ジャズとロックの融合の形って色々ありますが、ソフトマシーンのファーストはまさに「融合」って感じですね。前衛性もポップさも兼ね備えていて、ただの足し算で終わらせなかったのが名作たる所以ですかね?
今考えると、当時若かったロバートワイアット、ケヴィンエアーズ等等が一緒にやっていたなんて…恐ろしいバンドです…

2005/12/17 (Sat) 00:24 | EDIT | REPLY |   
evergreen  
すみません、爆笑しました!

変態バンド!!!
やっぱり、そう思いますよね!私も絶対おかしいと思う。私は「2」と「4」が好き。「2」はジャケット買いで、「4」のジャケットもどう見てもおかしいです!変態集団!でもなーつい、聞き入ってしまう自分がもっとおかしかったりして・・・1stもう一回聞いてみますね、今聞くと、1stが一番好きかもしれません。

2005/12/17 (Sat) 02:03 | EDIT | REPLY |   
ITORU  
プログレ界のモーニング娘。

 トラックバックしていただいてありがとうございます。ソフトマシーンはプログレ界のモーニング娘。です。主要メンバーからどんどん抜けていきます。といってあとからのメンバーもすごいところがモーニング娘。との大きな違いです。ファーストではA CERTAIN KINDが好きです。この頃6枚目のソフトウィードファクターを聞いて後期の素晴らしさを再認識した自分です。
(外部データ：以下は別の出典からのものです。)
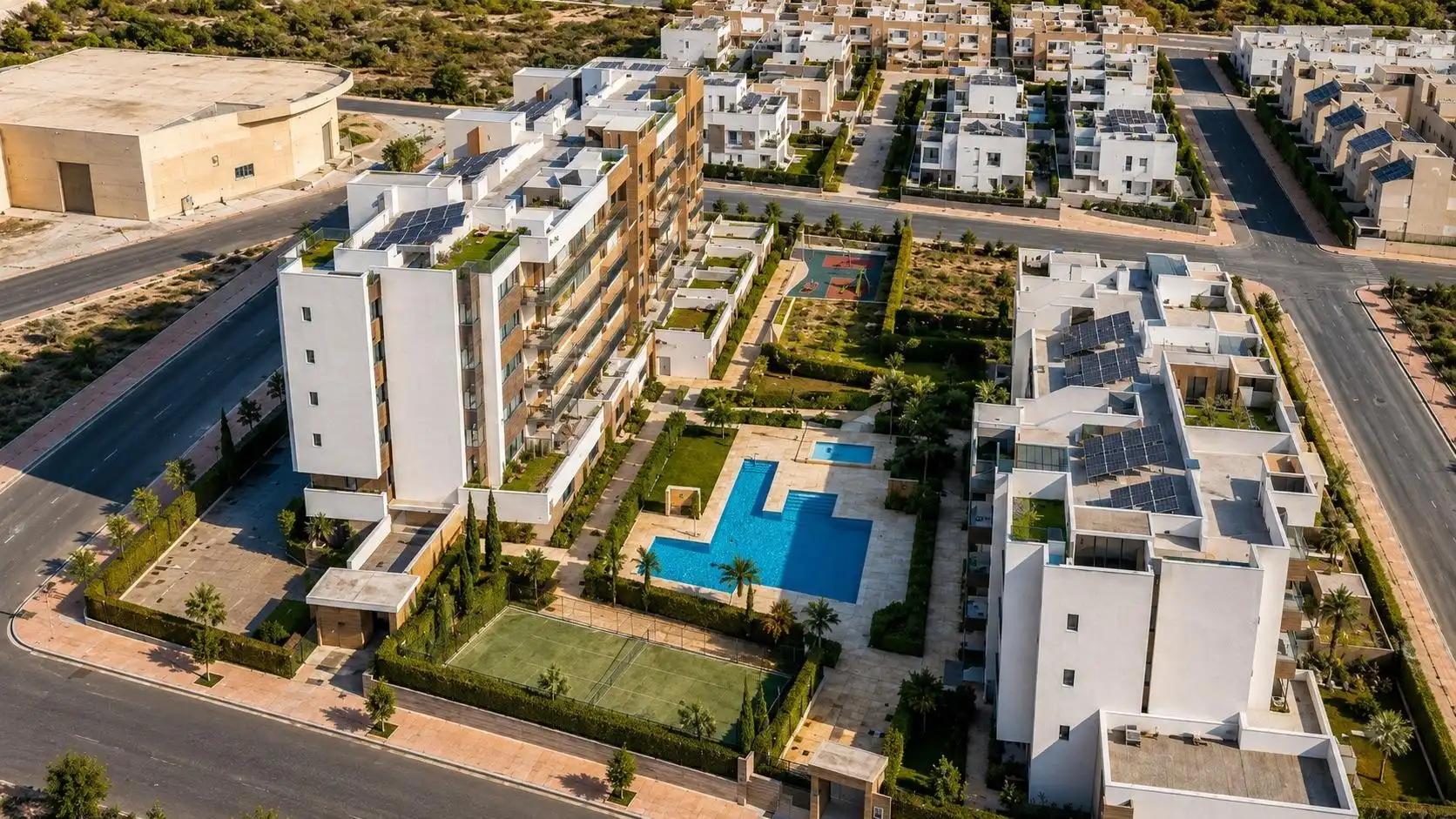 Vista exterior de Àtic en venda en Almería amb Aire condicionat, Jardí privat i Terrassa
2005/12/17 (Sat) 11:53 | EDIT | REPLY |   
Cottonwoodhill  

ソフト・マシーンは私にとってはジャズ・ロックの踏み絵みたいなバンドでした。
最初に聴いたのがアラン・ホールズワース加入の作品だったから尚更です。今では好きなバンドの一つとなりましたが。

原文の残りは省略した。